When Wise & Well tackles a topic, we do it in a big way given our team of talented professional writers, which includes journalists, medical doctors, psychologists, psychiatrists, physical trainers, nutritionists and other scientists and topical experts. This week we wrap up our series on anxiety causes and remedies with these three pieces:
Only You Can Prevent Panic Attacks
If you’ve never experienced a panic attack, yet, count yourself among the vulnerable. We all have a panic center in our brains, and as this psychiatrist and neuroscientist explains via two case studies, the “challenging physical symptoms, extreme agitation, and worry” can last for hours. Learn his strategies that any of us can use to avoid having one in the future—or dealing with one if it strikes. And just look at how complicated it can be:
It’s easy to misdiagnose panic, despite, or in some cases because panic produces such extreme physical symptoms.
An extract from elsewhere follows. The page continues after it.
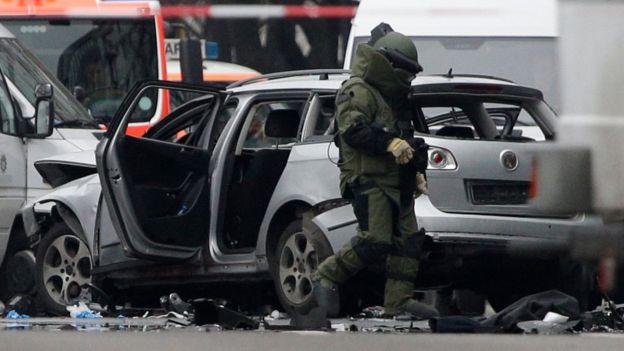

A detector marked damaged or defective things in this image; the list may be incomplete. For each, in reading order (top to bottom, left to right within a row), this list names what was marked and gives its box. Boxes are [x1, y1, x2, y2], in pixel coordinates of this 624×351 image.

Often doctors fail to identify panic, and blame the symptoms on other physiologic problems. But the reverse happens as well, when genuine medical emergencies are dismissed as panic attacks.
—John Kruse MD, PhD
When Anxiety Is Actually Depression: A Case Study
Anxiety had started to derail this writer’s life, he thought. “I blush at the barista when I order my morning Americano. Sweat pours from my hands when I drive my car,” he explains. “My heartbeat is never not rapid. I can’t stop thinking about worst case scenarios.” But his psychiatrist made a completely different diagnosis.
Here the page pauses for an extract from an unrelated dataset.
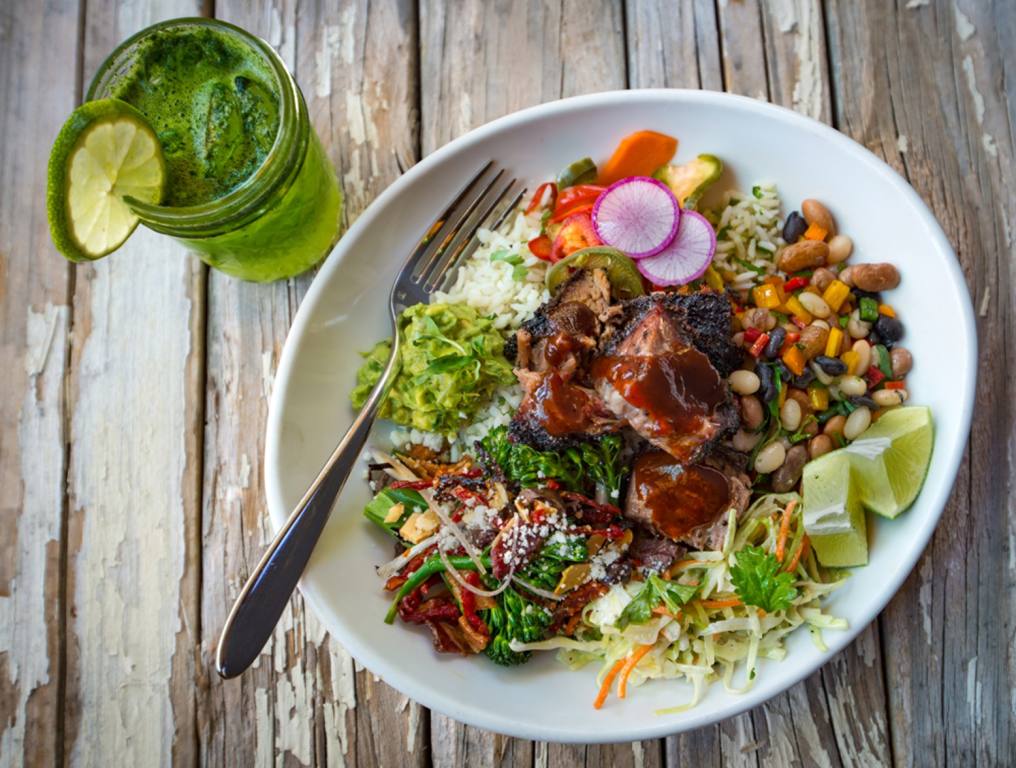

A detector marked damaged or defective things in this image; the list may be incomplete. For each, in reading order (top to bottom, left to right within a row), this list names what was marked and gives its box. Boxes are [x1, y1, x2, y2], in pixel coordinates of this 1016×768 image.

peeling white paint on wood [67, 224, 196, 763]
He sits back in his chair, removes his spectacles, and sighs. “You’re wrong,” he tells me. “You’re not anxious. You’re depressed.” And then he tells me why.
—Niall Stewart
How to Master Anxiety Around Water
I have a totally irrational fear of deep water, even though I’m a good swimmer. If I can’t see what’s down there, even in a freshwater lake, anxiety wells up and I want out. The writer of this story has also dealt with water anxiety, and she’s on a mission to help others understand that the fear is exceedingly common—half of us struggle with it—and for good reason: It can actually save your life. She also explains how to cope.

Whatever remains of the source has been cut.